Biased New York Times Adds New Guideline To Become Relevant News Source.

The New York Times, a widely known and read newspaper since 1851, is trying to live up to its motto: “All the news that’s fit to print.”By extending it to social media.  The Executive editor, Dean Baquet, put out new guidelines to prevent journalists from spreading their liberal biases all over social media.

New York Times has had an issue recently with the presence of their journalists on social media. The reporters have been slandering Trump or bashing conservative perspectives on a regular. Treating the Social Media as an outlet to convey how they really feel. As opposed to the normal slight left bias that their job allows.

Reporters are supposed to stick to the facts. They are not supposed to allow political agendas to color all of their stories. Twitter has been the place to find out how these reporters really feel. It almost begs the questions: If these reporters are slandering the current administration this much on social media, then how much of what they write is True news?  How much of their reporting is just pure opinion/Fake News?

The new guidelines just state that journalists can not tweet/post anything on twitter that they wouldn’t be able to post at work. Some say that it’s a little late to suddenly want to become an unbiased news source:

“Twitter has been around for 10 years and The New York Times is only now realizing that its staff says lots of stupid, left-wing things there?” Media Research Center Vice President Dan Gainor stated. 

These new guidelines will hopefully at least bring them back to center. That or allow the editor to have some credible defense when he tries to hide the fact that his newspaper is Biased.
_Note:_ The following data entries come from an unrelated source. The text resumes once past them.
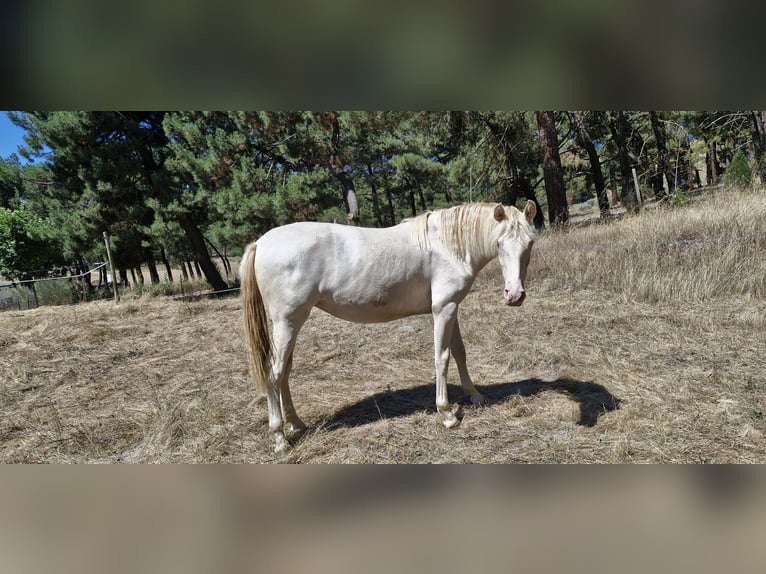 PRE Mix Mare 1 year Perlino in Navas De Oro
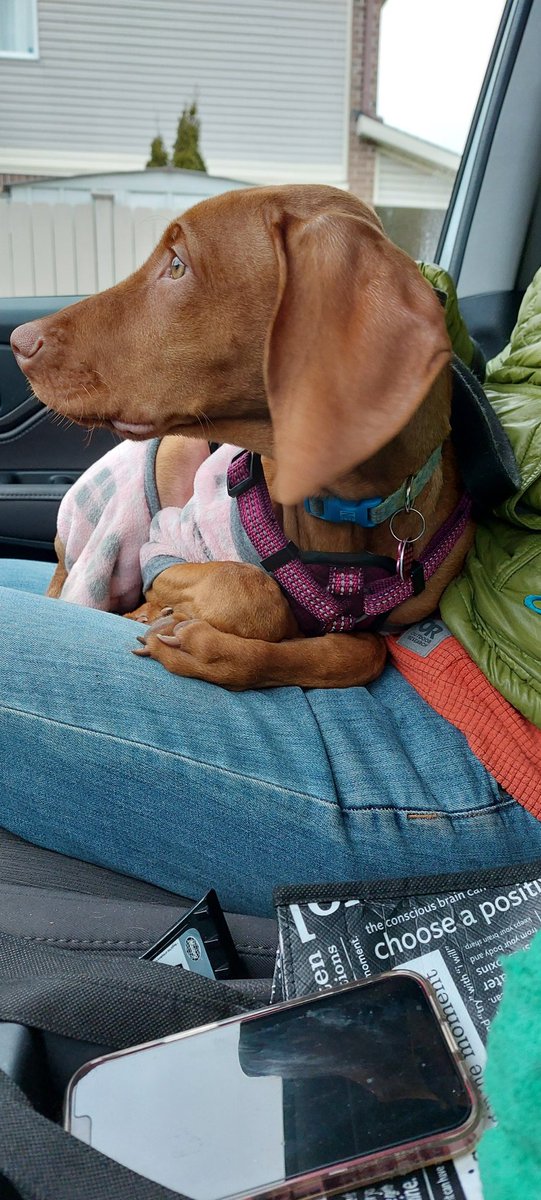 gregpettit's tweet photo. It's the croased paws! https://t.co/qOVfUclGw4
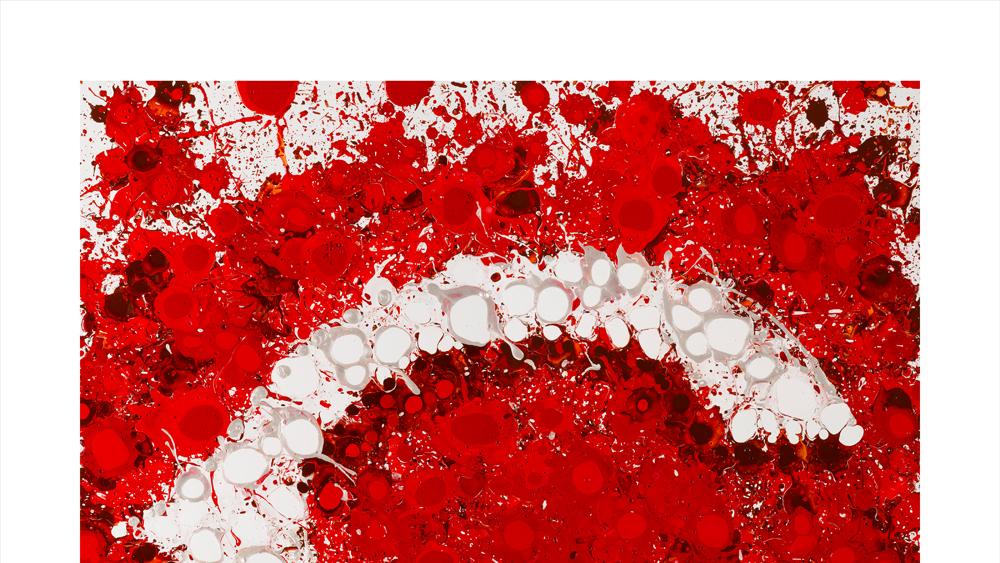 Howell Baseball Field in Dayton to get renovation courtesy of the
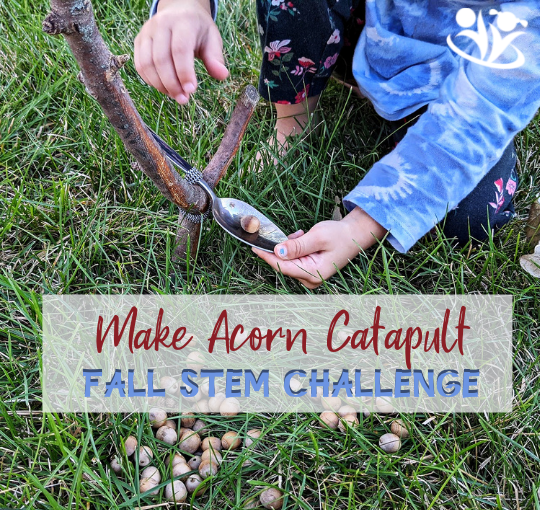 This acorn catapult is easy to make with things you already have handy - sticks, spoons, and hair ties. For an extra challenge, shoot at a target or download our Acorn Catapult Challenge printable. #STEM #science4kids #fall #kidsactivities #acorns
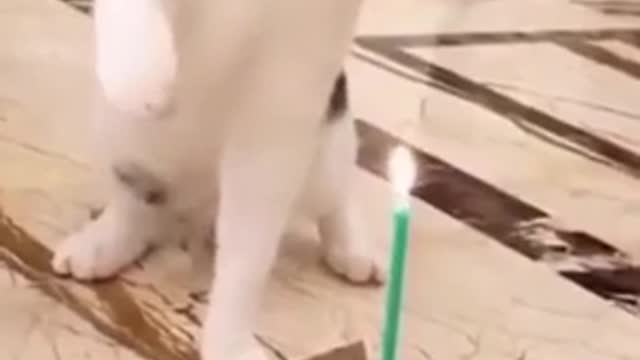 Funny Cat Videos 2021 | Funny animal Videos - Funny #Shorts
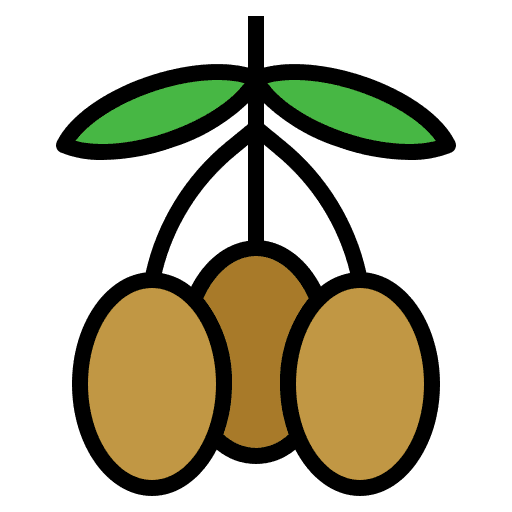 Olive food and restaurant fruit healthy food icon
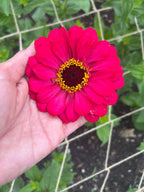 Bright pink Zinnia Giants of California flower held in a hand against foliage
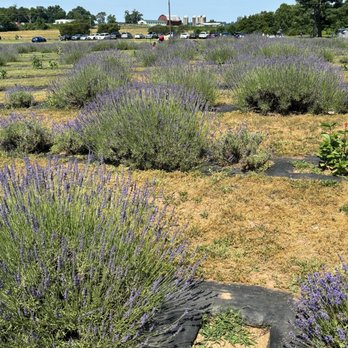 Seven Oaks Lavender Farm - Flowers & Gifts Near Me - Catlett, Virginia Seven Oaks Lavender Farm - Flowers & Gifts Near Me - Catlett, Virginia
An Older Video But Great Example Of The Left-Leaning New York Times.

As Reported By Brian Flood, Fox News.

“His solution is a mere fig leaf so the Times can pretend to be a serious news organization. This is the same paper whose columnist Paul Krugman recently tweeted about a nonexistent cholera outbreak in Puerto Rico,” he added.

“This is the same paper that tweeted about its climate change agenda in August, asking ‘What’s a greater threat to Guam? North Korea, or climate change?’ And it will be the same paper that continues to bash Trump across all platforms, no matter what this new rule claims.”

Perhaps Baquet’s decision to update the policy has to do with the Times’ White House correspondent Glenn Thrush, who has not tweeted since Sept. 19 but had a habit of criticizing Trump prior to going dormant. Thrush said he stopped tweeting because it was “too much of a distraction” but some of his past tweets would have probably violated the paper’s new guidelines.

“In social media posts, our journalists must not express partisan opinions, promote political views, endorse candidates, make offensive comments or do anything else that undercuts The Times’s journalistic reputation,” the Times listed as a key point in the new policy.